The evening included a “State of the College’ address by NWACC President Evelyn Jorgenson, three Quality of Life Award presentations, and a student’s perspective address. In her remarks, Jorgensen said next year marks NWACC’s 25th anniversary and promised many special events commemorating that milestone. One such event will be the opening of the time capsule in October.
Jorgensen also announced the expansion of the college’s culinary program and the addition of two new degrees: an occupational and life skills program designed for students with cognitive disabilities, and a construction technology program in conjunction with John Brown University.
“It’s all a part of meeting the needs of our students and being responsive to our community needs,” she said.
Each year during the event, the NWACC Foundation Board gives three Quality of Life Awards to people and organizations that make a difference in the community.
“We are looking for people who have a vision, looking for people who are really looking to sustain or improve the exceptional quality of life that we enjoy in NWA,” said Meredith Brunen, executive director of development/foundation.
This year’s Quality of Life Awards honored recipients John and Emily Douglas, long-time residents of Bentonville; Crystal Bridges Museum of American Art; and the Samaritan Community Center.
Joshan Cortez, information systems student and NWACC student ambassador, addressed the crowd from a student’s perspective. He told guests the college helped him to get out of his comfort zone, to serve others and to go from being a “C” student to being on the Dean’s List.
“I was once a small seed that was deeply confined under my comfort zone. I guess I wouldn’t have seen how beautiful the world really is if I had stayed buried,” he said.

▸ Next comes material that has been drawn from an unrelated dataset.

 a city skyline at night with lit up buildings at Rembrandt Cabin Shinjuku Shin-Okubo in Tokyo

“I attribute my success first and foremost to my God … and to my parents who put up with me since day one, from the day I was born,” Cortez said. “And to my second home, the whole NWACC community who generously opened its doors and welcomed me. NWACC has, still is and will be nurturing both current and future seeds like me to help us maximize our potential and exceed expectations.”

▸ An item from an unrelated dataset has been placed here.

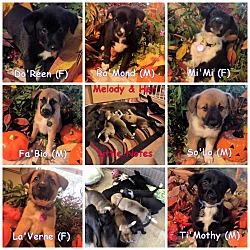 Thumbnail photo of The Little Note Puppies #2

Again this year, NWACC students served as “student celebrity waiters” for the evening, in place of normal catering staff. Student waiters represented a cross-section of the student population – from non-traditional students to concurrent students still enrolled in high school, but taking college classes, Brunen said.

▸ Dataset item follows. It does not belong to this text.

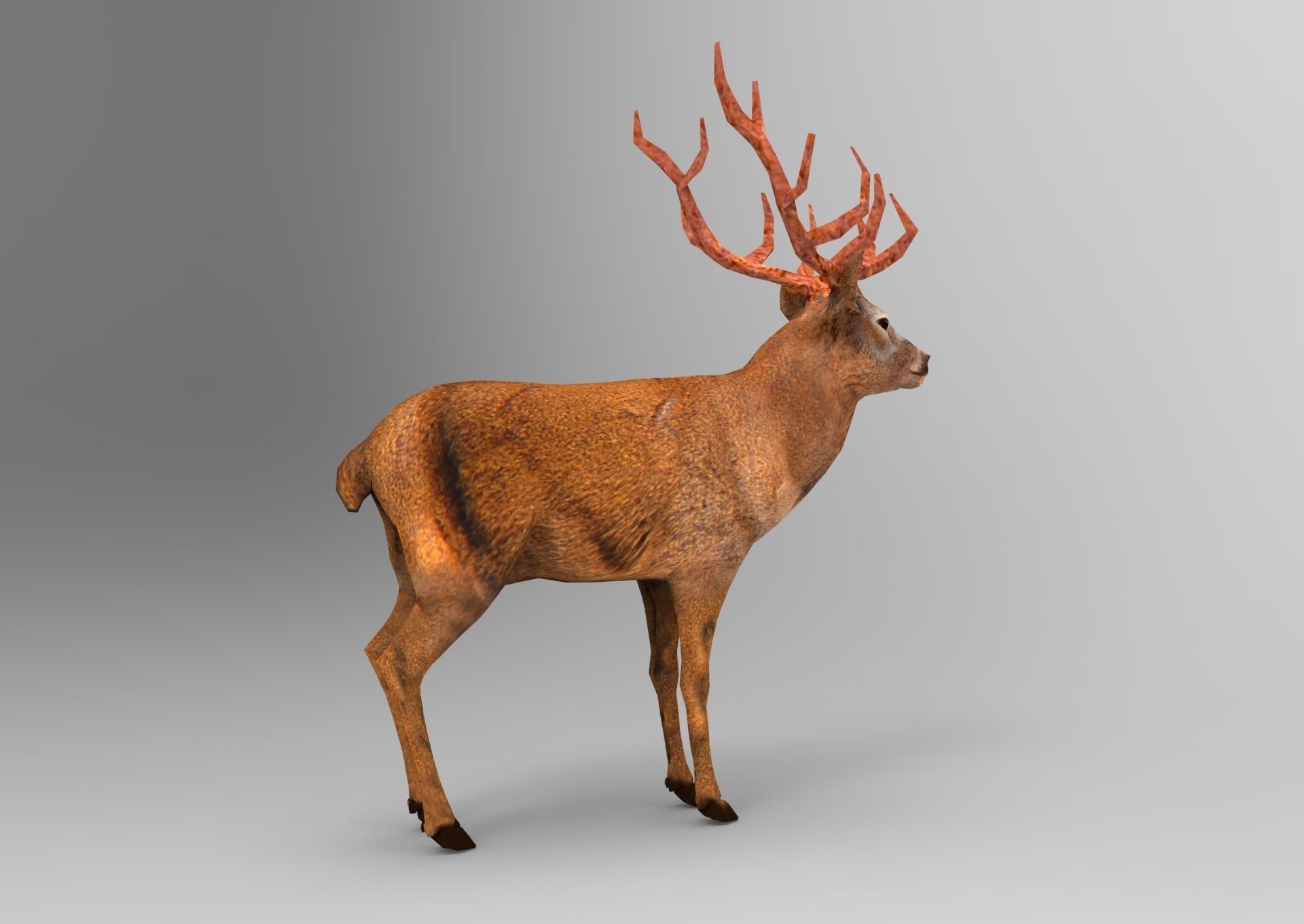 Red Game ready low poly deer model  Low-poly 3D model_7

Guests were encouraged to chat with their student waiter and get to know their story.
“Many of them have been recipients of these scholarships. So, for example, they benefited from last year’s event and are now volunteering their time at this year’s event,” Brunen said.
One small change this year was the slight modification in the name of the event. In past years it has been known as “Plant a Seed Gala.” After a survey last year, Brunen said that the Foundation decided to change the name to “Plant a Seed Soiree” to better reflect guests’ experience during the evening.